Stored records:
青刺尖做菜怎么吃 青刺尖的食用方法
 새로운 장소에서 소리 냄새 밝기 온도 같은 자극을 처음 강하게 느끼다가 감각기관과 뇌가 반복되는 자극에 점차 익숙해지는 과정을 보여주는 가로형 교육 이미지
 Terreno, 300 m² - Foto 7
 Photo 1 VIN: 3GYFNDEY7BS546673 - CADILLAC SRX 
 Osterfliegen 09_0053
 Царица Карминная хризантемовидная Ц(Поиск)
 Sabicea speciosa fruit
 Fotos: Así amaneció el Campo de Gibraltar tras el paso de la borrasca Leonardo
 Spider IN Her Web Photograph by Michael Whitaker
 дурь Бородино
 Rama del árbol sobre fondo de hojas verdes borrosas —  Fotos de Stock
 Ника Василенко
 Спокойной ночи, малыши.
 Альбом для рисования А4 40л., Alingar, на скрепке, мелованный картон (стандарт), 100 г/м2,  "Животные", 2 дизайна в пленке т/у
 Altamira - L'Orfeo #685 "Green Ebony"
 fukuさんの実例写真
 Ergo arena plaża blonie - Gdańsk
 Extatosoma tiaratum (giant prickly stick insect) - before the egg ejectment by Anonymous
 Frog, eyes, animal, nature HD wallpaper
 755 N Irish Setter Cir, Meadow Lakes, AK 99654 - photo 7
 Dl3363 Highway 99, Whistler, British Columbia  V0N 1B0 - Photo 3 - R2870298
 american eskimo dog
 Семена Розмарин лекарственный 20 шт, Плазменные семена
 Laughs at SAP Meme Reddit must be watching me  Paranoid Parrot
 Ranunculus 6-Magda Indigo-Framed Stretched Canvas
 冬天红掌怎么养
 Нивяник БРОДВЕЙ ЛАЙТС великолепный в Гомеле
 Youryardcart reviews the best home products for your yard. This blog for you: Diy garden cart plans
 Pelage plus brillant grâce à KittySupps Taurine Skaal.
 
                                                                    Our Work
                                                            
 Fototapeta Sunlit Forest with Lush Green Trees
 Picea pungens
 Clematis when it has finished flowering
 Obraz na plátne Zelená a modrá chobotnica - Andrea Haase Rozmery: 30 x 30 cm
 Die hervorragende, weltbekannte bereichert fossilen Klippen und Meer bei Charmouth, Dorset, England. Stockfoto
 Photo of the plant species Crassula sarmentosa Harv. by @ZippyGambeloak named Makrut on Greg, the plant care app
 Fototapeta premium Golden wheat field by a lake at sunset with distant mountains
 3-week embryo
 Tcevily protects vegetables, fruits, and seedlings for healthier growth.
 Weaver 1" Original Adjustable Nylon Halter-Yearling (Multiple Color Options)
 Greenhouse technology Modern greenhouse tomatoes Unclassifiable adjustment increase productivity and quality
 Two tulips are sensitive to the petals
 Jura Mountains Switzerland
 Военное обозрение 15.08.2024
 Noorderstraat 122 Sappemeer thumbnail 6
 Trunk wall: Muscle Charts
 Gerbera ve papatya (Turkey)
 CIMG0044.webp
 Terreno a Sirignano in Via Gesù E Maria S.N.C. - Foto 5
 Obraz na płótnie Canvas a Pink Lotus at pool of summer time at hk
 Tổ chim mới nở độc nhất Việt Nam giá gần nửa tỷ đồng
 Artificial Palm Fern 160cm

## [WORK TASK]
Reproduce exactly the lines from the beginning of the entries above up to and including the line that contains "Fotos: Así amaneció".

## [OUTPUT FOR THIS TASK]
青刺尖做菜怎么吃 青刺尖的食用方法
 새로운 장소에서 소리 냄새 밝기 온도 같은 자극을 처음 강하게 느끼다가 감각기관과 뇌가 반복되는 자극에 점차 익숙해지는 과정을 보여주는 가로형 교육 이미지
 Terreno, 300 m² - Foto 7
 Photo 1 VIN: 3GYFNDEY7BS546673 - CADILLAC SRX 
 Osterfliegen 09_0053
 Царица Карминная хризантемовидная Ц(Поиск)
 Sabicea speciosa fruit
 Fotos: Así amaneció el Campo de Gibraltar tras el paso de la borrasca Leonardo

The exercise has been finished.